American graphic designer

Alan Peckolick (October 3, 1940 - August 3, 2017) was an American graphic designer, painter, and photographer.

Peckolick was known for the typographic forms he created. His fascination for the graphic letter form underpinned much of his work as he drew much of his inspiration from historic signage and lettering. His projects included logo design and corporate identity for Revlon and New York University (typographic logo). He designed annual reports for AT&T, General Motors, Bell South and Pfizer. Internationally he worked for Society General (France), Grupo Industrial Alfa (Mexico), Mercedes-Benz (Germany) and Sony (Japan).

==Biography==
Upon graduating from Pratt Institute in 1964, Peckolick went to work as an assistant to designer Herb Lubalin. In 1968 he opened his own design office. In 1972 he joined Lubalin, Smith & Carnase; several years later the company was reorganized and renamed Lubalin Peckolick Associates.

Apart from lecturing on graphic design in Hamburg, Stuttgart, Helsinki, Tokyo, London and Bergen, he regularly lectured at Parsons The New School for Design.

Peckolick's board affiliations included the Glaucoma Foundation and Save the Whales (Boston, MA). Peckolick was on the advisory board of Medasset, Mediterranean Association to Save the Sea Turtles. He was a member of Alliance Graphique Internationale, the Type Directors Club of New York, and the Vintage Car Club of America. He was an honorary member of the Art Directors Club of Bergen, Norway.

Peckolick was married to fellow graphic artist Jessica Weber.

==Recognition==
Peckolick's work earned him over 500 design awards worldwide, including honorary membership in the art director's club of Bergen, Norway. His work has been featured in design journals and books. From 1985 on, Peckolick was included in every edition of "Who's Who in America" and since 1990 in every edition of "Who's Who in Graphic Design". In 2008, he was chosen as one of ten designers to be included in China's first survey of international graphic design. His poster work is in the permanent collection of the Gutenberg Museum in Mainz, Germany.

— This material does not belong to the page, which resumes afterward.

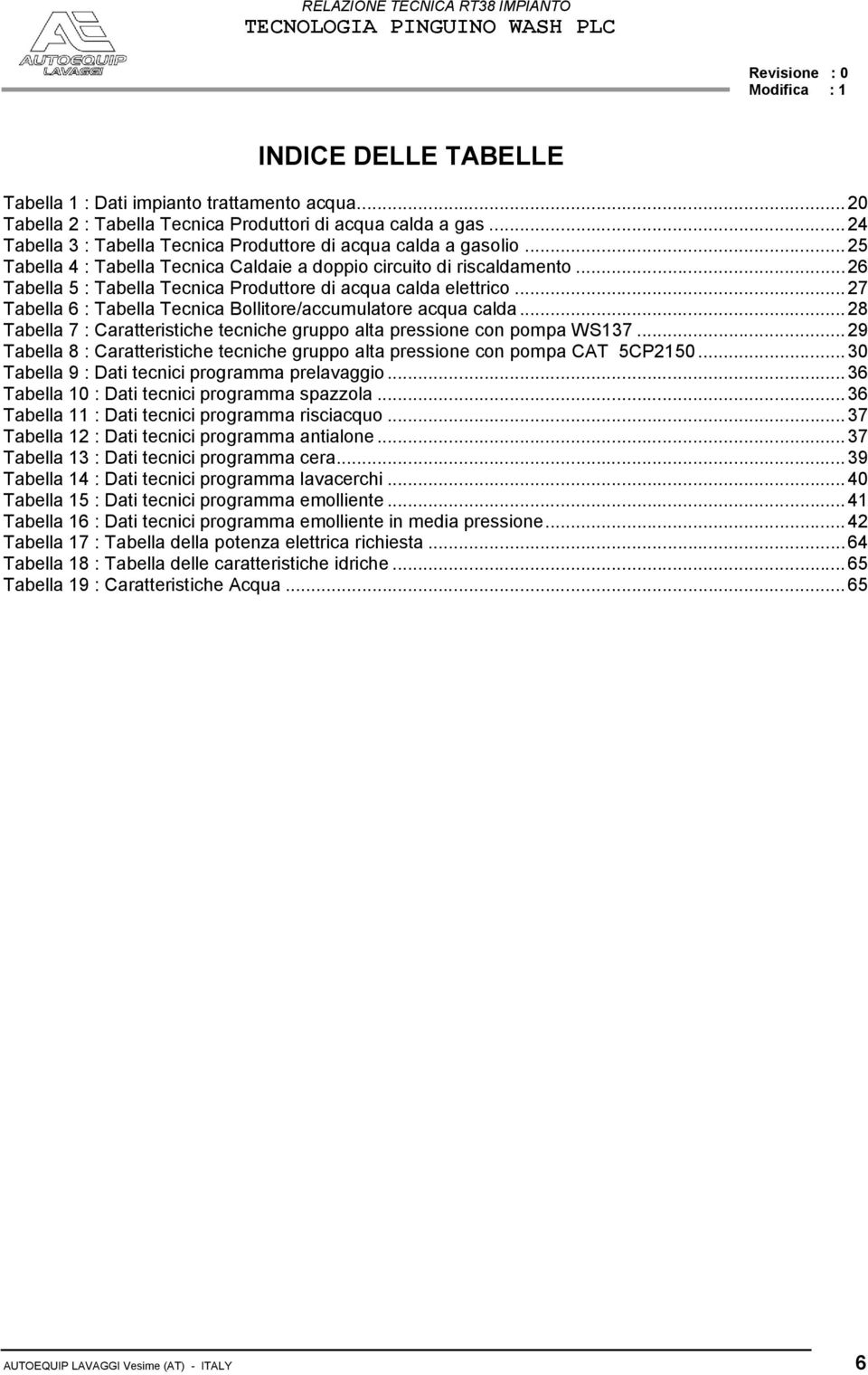 .. 27 Tabella 6 : Tabella Tecnica Bollitore/accumulatore acqua calda...28 Tabella 7 : Caratteristiche tecniche gruppo alta pressione con pompa WS137.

In 2002, Peckolick was invited to donate his archive to New York University's Fales Collection, housed in the Bobst Library. He was the subject of a career retrospective show at the university's Tracey/Barry Gallery in Autumn 2005, titled "A Life in Type: The Graphic Design Work of Alan Peckolick".

Peckolick began painting professionally in 1998. His work is represented in London (Cosa Gallery), New York City (Atlantic Gallery), and in Key West, FL (Lucky Street Gallery). His paintings are in numerous private collections in the US and Europe.

==Books==
- Alan Peckolick, Gertrude Snyder. Herb Lubalin: Art Director, Graphic Designer and Typographer. Amshow & Archive; First Edition (April 1985).